Boise Public Library
“Hystopia” by David Means.
Alternate history. Ever wonder what it would be like if JFK were never assassinated and he led us through the Vietnam war? This book within a book follows two stories, one of JFK’s third term and founding of the Psych Corps to help veterans erase painful memories, and that of Meg, whose erased memories are the key to discovering a murderer.
Eagle Public Library
“And Soon I Heard a Roaring Wind: A Natural History of Moving Air” by Bill Streever.
Adult nonfiction. Scientist Bill Streever goes to any extreme to explore wind — the winds that built empires, the storms that wreck them — by traveling right through it. Streever leads readers through the world’s first forecasts, Chaos Theory and a future affected by climate change. He shares stories of wind-riding spiders, wind-sculpted landscapes, wind-generated power, wind-tossed airplanes and the uncomfortable interactions between wind and wars, drawing from natural science, history, business, travel, as well as from his own travels. You’ll never see a breeze in the same light again.
Meridian Public Library
“A Storm Too Soon: A Remarkable True Survival Story in 8-Foot Seas” by Michael J. Tougias.
Children’s nonfiction. On May 2, 2007, three veteran sailors set out on an epic voyage from Florida to France. But the trip turns into a nightmare when their 47-foot sailboat disappears along the Gulf Stream in the throes of a calamitous storm. In this adaptation of his adult book “A Storm Too Soon,” Michael J. Tougias also tells the story of the four intrepid coast guardsman who brave the savage storm in the hopes of saving the stranded sailors.
“All Is Not Forgotten” by Wendy Walker.
Adult fiction. In the small, affluent town of Fairview, Conn., everything seems picture perfect. Until one night when young Jenny Kramer is attacked at a local party. In the hours immediately after, she is given a controversial drug to medically erase her memory of the violent assault. But in the weeks and months that follow, as she heals from her physical wounds, and with no factual recall of the attack, Jenny struggles with her raging emotional memory. Her father, Tom, becomes obsessed with his inability to find her attacker and seek justice while her mother, Charlotte, prefers to pretend this horrific event did not touch her perfect country club world. As they seek help for their daughter, the fault lines within their marriage and their close-knit community emerge from the shadows where they have been hidden for years, and the relentless quest to find the monster who invaded their town — or perhaps lives among them — drive this psychological thriller to a shocking and unexpected conclusion.
Garden City Library
“The Association of Small Bombs” by Karan Mahajan.
Adult fiction.
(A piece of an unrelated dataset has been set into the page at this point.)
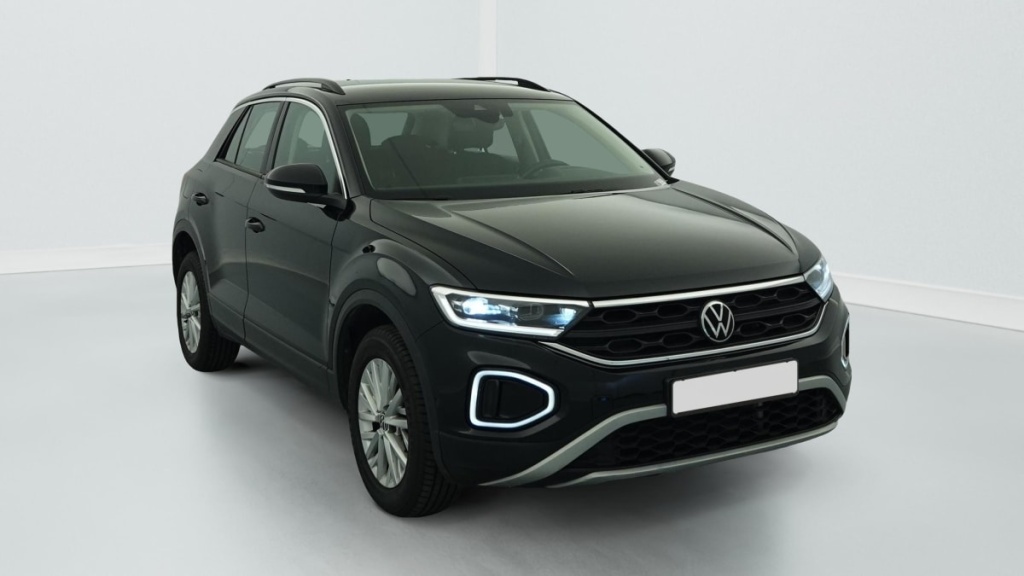 VOLKSWAGEN T-Roc 1.5 TSI EVO 150 Start Stop DSG7 Life - ref: 1-386429 - Photo 1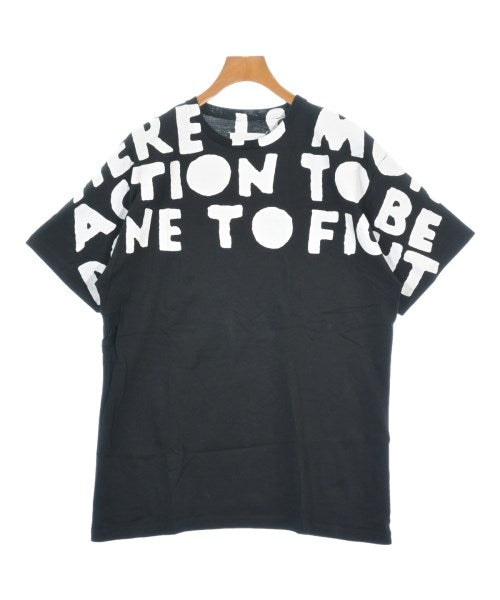 Maison Margiela เสื้อยืด/เสื้อท็อปส์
Mansoor Ahmed is with two friends in the Delhi market one day in 1996 when tragedy strikes. A series of “small” bombs are set off around the world, and in Delhi, Mansoor survives while his friends are killed instantly. Years later, Mansoor meets an activist and a bomb maker who are willing to sacrifice everything for their homeland.
Ada Community Library
“The Truth According to Us” by Annie Barrows.
Adult CD fiction. Written about a time in the summer of 1938 when young, well-off Layla Beck is cut off from her father’s money. She takes a job with the Federal Writers Project, a New Deal writing job documenting the history of the small mill town of Macedonia, W.Va. The voice of the story is told as if seen through the eyes of 12-year-old Willa Romeyn, whose family Layla boards with. Willa is a precocious reader and observer who inadvertently opens up a can of worms about a mill fire that killed her Aunt Jottie’s beau. Was it her rascally father’s fault, and is he a bootlegger?
Nampa Public Library
“The Girls” by Emma Cline.
Adult fiction. Bored teenager Evie Boyd is mesmerized by a young woman she spots wandering through a park one summer afternoon. It’s 1969 in Petaluma, Calif., and Suzanne represents the glamour of the counterculture to lonely Evie, whose newly divorced mother dabbles in the watered-down, pseudo-hippie trends typical of the era. A second encounter brings Evie firmly into Suzanne’s orbit and introduces Evie to a “family” of hangers-on surrounding Russell, a charismatic musician who holds court at a dilapidated ranch just outside town. Soon Evie is spending her free time at the ranch, dumpster-diving for food, getting high with her new friends and buying into Russell’s philosophies of free love and communal living. But there’s a darker side to life at the ranch, and hard drugs and isolation begin to feed the family’s paranoia, leading to a devastating, violent act. Using the Manson family and the Tate-LaBianca murders as her template, Cline pushes past the myths, vividly imagining how the darkness crept in and turned a group of idealistic young adults into cold-blooded killers.